At a minimum, you should have one red and one white wine. You want each of these to be wines that work in a variety of contexts. Think something like a sauvignon blanc or a pinot noir. These are more mild white and red wines that won’t overpower the flavors of the hors d'oeuvres or food you are serving.
If you plan to have a variety of wine options, then you can offer wines with more distinctive tastes, like merlot or chardonnay, during the appetizers or cocktail hour as well. Then, during the wedding reception, you can do a cabernet sauvignon or a pinot gris to have a wide selection for any wine lover.
If you can swing it, try to choose your wines at the same time that you choose your menu. You could even taste how different wines go with different dishes. Otherwise, for the few months before placing your order, pay attention to different types of wines. Maybe buy a bottle of something you don’t usually drink to see how it tastes. If you have a go-to favorite wine, then try drinking it with the type of entree at your wedding and see if you like the pair. There’s a lot of wine out there, so don’t be afraid to experiment.

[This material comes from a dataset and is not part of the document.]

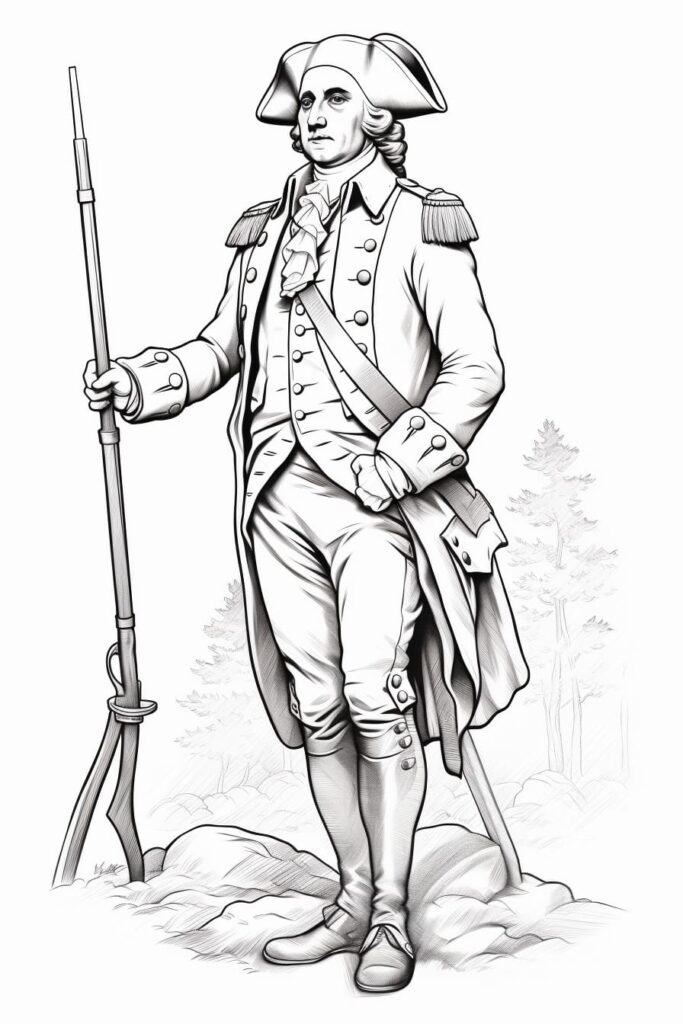 George Washington on the battlefield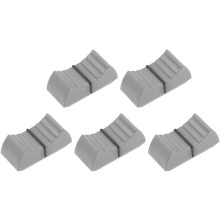 Plastic Straight Slide Potentiometer Flat Push Knob Insert Shaft 4x1.8mm Gray 5pcs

If you want to go beyond a red and a white, then try to find wines that pair with your wedding theme. You can have wines from a specific location, like Australia or Lebanon, to honor the heritage of one of the partners, or a wine-based drink like sangria to supplement your cocktail hour. You should also make sure there’s plenty of sparkling wine for toasts. Think about the kind of wedding you’re hosting. A summer wedding, for example, should have plenty of white wine. For brunch weddings, consider offering rosé, which is very popular right now. For a winter wedding or an indoor wedding, lean more heavily on red wine. You want the wedding wine to fit the wedding atmosphere in general.
Nobody wants to run out of wine at their wedding. That said, you also don’t want to lug multiple unopened cases of wine home that night either.
About half a bottle per guest is generally a good rule of thumb. If you’re having a smaller wedding with fifty or so guests, you can tailor this more specifically to your knowledge of how many guests will drink heavily or lightly. The thought here is that guests will be drinking wine at the cocktail hour and then might have one or two glasses with their meal, which could mean three glasses per guest. That’s a lot of wine!
Some other factors to consider include the time of day of your wedding, the age of your guests, and how many hours your event will be. If most of your guests are under 40 (but over 21!), chances are they might drink more heavily. At evening weddings, perhaps unsurprisingly, guests often consume more wine than they do at morning weddings. Likewise, a wedding that lasts six hours requires more wine than a wedding that lasts four hours. So start with half a bottle per guest, then round up or down based on your knowledge of the event and the guests.
The proportions also matter. For indoor weddings, about 50 percent of your wine should be red, 40 percent white, and then the rest enough Champagne to cover a toast (divide your guests by about eight to decide how many bottles). At outdoor weddings, guests tend to opt for more white Windsor rosé as well, so that will change your proportions, too.
Buying wine at your wedding can be tough. Everyone wants to serve the best wine at their wedding, and everyone wants to purchase the right amount of wine. These guidelines will ensure you serve the best wine at your wedding, and you and your guests enjoy the special beverage throughout the entire event.